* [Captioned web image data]
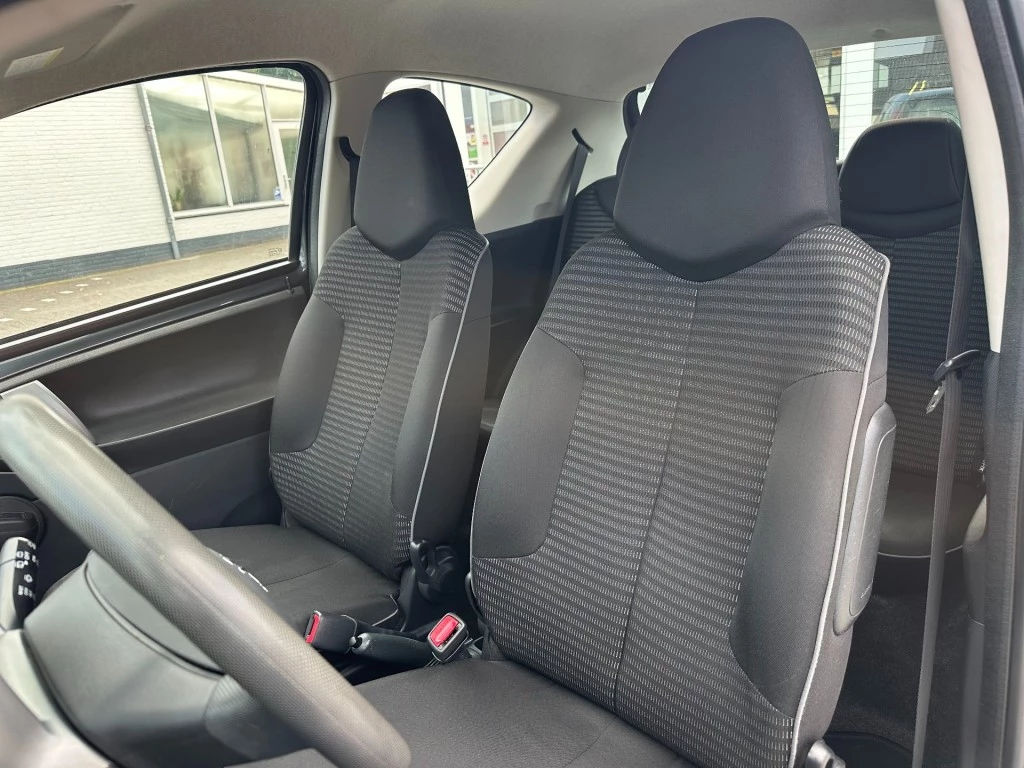 Hoofdafbeelding Peugeot 107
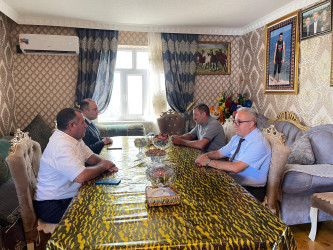 Kəlbəcər Rayon İcra Hakimiyyətinin başçısı Azər Qocayev  27 sentyabr “Anım Günü” ilə əlaqədar antiterror əməliyyatlarında şəhid olmuş Tağızadə Cahangir Qurban  oğlunun ailəsini ziyarət edib.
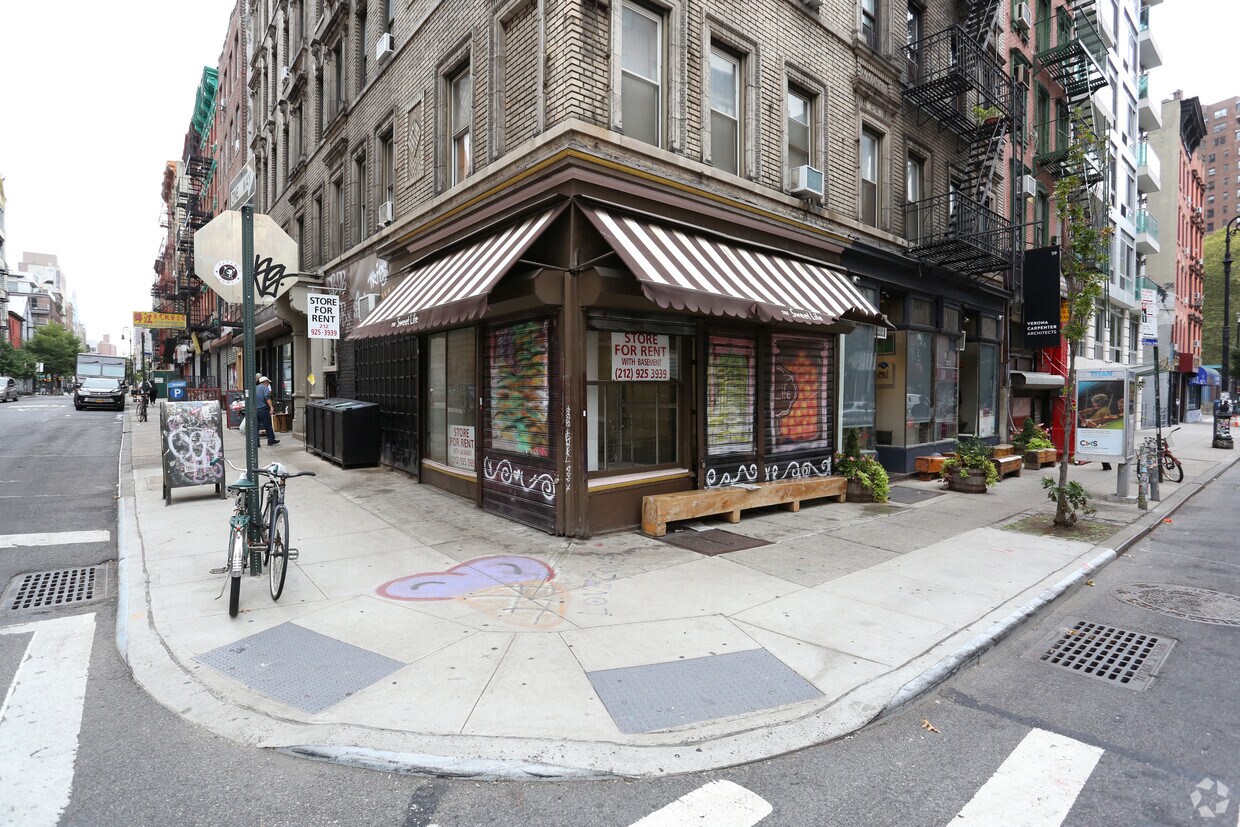 Building Photo - 61-63 Hester St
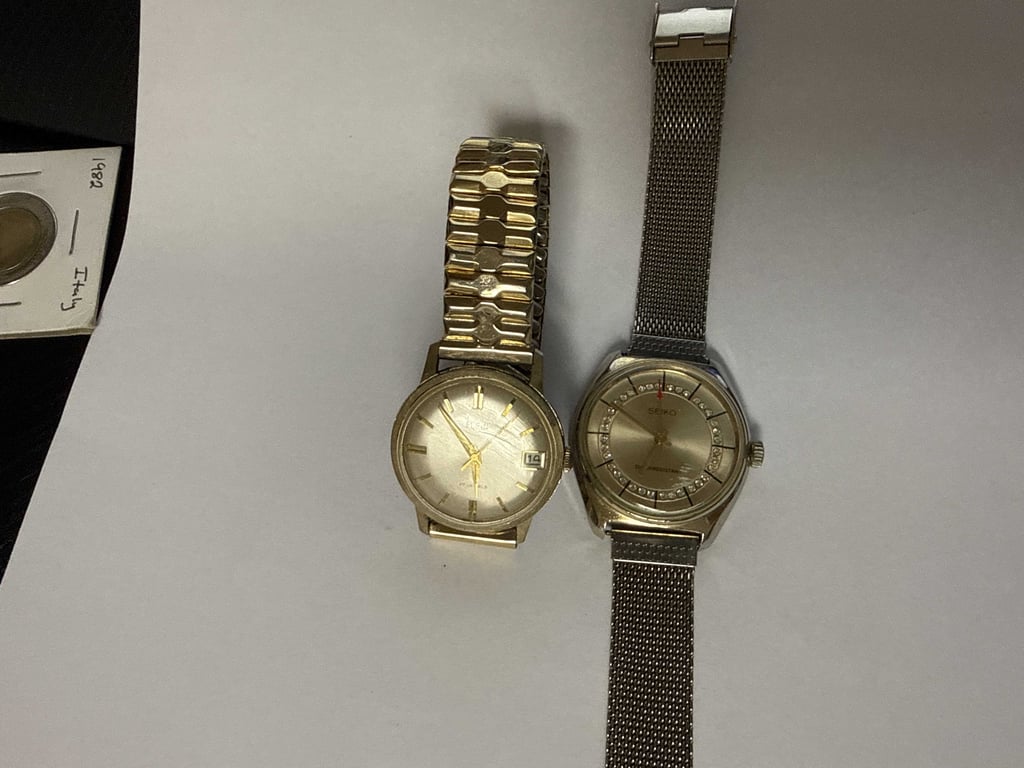 Lot of 2 Men’s watches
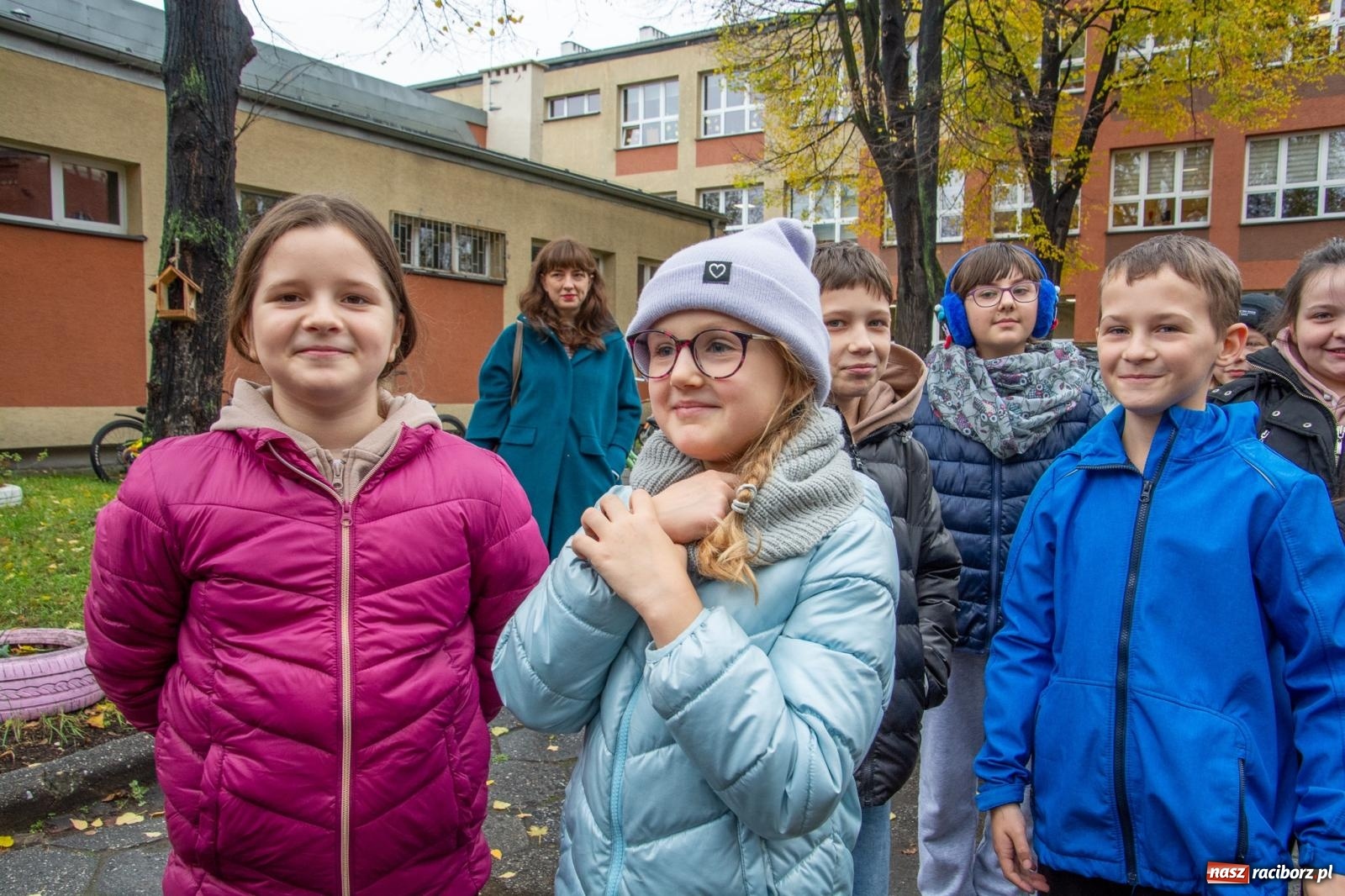 Zdjęcie w galerii na portalu naszraciborz.pl: SP 4 ma ekopracownię pod chmurką ze stacją METEO wiadomości z regionu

* [DESCRIPTION OF THE TASK] Your answer must be the records exactly as they stand, with no pictures in it.

* [OUTPUT]
 Hoofdafbeelding Peugeot 107
 Kəlbəcər Rayon İcra Hakimiyyətinin başçısı Azər Qocayev  27 sentyabr “Anım Günü” ilə əlaqədar antiterror əməliyyatlarında şəhid olmuş Tağızadə Cahangir Qurban  oğlunun ailəsini ziyarət edib.
 Building Photo - 61-63 Hester St
 Lot of 2 Men’s watches
 Zdjęcie w galerii na portalu naszraciborz.pl: SP 4 ma ekopracownię pod chmurką ze stacją METEO wiadomości z regionu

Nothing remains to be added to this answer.